> Work item
Starting at the first line of the data below, retype every line up to and including the one containing "Private Luxury Boat".

—————

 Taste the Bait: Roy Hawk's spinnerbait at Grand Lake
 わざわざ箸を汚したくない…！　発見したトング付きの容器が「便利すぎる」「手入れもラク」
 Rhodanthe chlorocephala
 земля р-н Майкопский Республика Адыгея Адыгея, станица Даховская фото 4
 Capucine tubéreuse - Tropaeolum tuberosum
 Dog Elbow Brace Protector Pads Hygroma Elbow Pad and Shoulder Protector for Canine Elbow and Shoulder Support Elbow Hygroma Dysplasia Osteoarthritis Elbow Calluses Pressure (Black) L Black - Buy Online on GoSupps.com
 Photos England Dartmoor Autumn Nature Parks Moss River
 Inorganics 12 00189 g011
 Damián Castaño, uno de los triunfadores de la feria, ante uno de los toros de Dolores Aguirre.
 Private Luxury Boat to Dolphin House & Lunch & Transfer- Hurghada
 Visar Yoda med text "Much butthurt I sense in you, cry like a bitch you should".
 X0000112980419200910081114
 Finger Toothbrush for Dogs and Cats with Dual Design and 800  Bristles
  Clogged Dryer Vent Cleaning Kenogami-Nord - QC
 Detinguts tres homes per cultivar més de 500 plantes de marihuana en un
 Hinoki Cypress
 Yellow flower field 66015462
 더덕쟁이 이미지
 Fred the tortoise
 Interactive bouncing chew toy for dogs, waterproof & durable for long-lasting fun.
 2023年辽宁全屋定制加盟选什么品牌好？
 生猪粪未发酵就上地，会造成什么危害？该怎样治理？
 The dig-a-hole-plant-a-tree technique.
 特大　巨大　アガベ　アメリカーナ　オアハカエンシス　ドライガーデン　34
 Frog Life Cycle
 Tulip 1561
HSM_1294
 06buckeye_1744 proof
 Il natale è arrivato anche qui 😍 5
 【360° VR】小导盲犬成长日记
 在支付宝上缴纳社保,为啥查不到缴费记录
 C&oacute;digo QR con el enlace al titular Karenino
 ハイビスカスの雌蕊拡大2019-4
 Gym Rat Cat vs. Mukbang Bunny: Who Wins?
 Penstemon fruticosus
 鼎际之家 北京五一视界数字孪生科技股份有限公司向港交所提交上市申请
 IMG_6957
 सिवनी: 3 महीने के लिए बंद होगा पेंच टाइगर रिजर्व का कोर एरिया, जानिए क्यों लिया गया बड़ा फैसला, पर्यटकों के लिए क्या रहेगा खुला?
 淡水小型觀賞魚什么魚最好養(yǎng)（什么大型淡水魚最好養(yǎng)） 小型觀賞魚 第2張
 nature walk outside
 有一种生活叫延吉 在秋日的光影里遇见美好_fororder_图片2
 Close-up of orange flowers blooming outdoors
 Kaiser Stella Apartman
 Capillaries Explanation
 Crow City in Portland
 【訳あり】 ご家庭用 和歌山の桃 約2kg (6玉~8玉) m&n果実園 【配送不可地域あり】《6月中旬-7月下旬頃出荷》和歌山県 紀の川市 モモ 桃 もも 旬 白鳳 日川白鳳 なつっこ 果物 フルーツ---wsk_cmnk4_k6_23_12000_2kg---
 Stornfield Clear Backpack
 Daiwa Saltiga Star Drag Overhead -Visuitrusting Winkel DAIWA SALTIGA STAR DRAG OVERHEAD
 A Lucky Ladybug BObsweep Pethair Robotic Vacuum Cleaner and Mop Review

—————

> Task output
 Taste the Bait: Roy Hawk's spinnerbait at Grand Lake
 わざわざ箸を汚したくない…！　発見したトング付きの容器が「便利すぎる」「手入れもラク」
 Rhodanthe chlorocephala
 земля р-н Майкопский Республика Адыгея Адыгея, станица Даховская фото 4
 Capucine tubéreuse - Tropaeolum tuberosum
 Dog Elbow Brace Protector Pads Hygroma Elbow Pad and Shoulder Protector for Canine Elbow and Shoulder Support Elbow Hygroma Dysplasia Osteoarthritis Elbow Calluses Pressure (Black) L Black - Buy Online on GoSupps.com
 Photos England Dartmoor Autumn Nature Parks Moss River
 Inorganics 12 00189 g011
 Damián Castaño, uno de los triunfadores de la feria, ante uno de los toros de Dolores Aguirre.
 Private Luxury Boat to Dolphin House & Lunch & Transfer- Hurghada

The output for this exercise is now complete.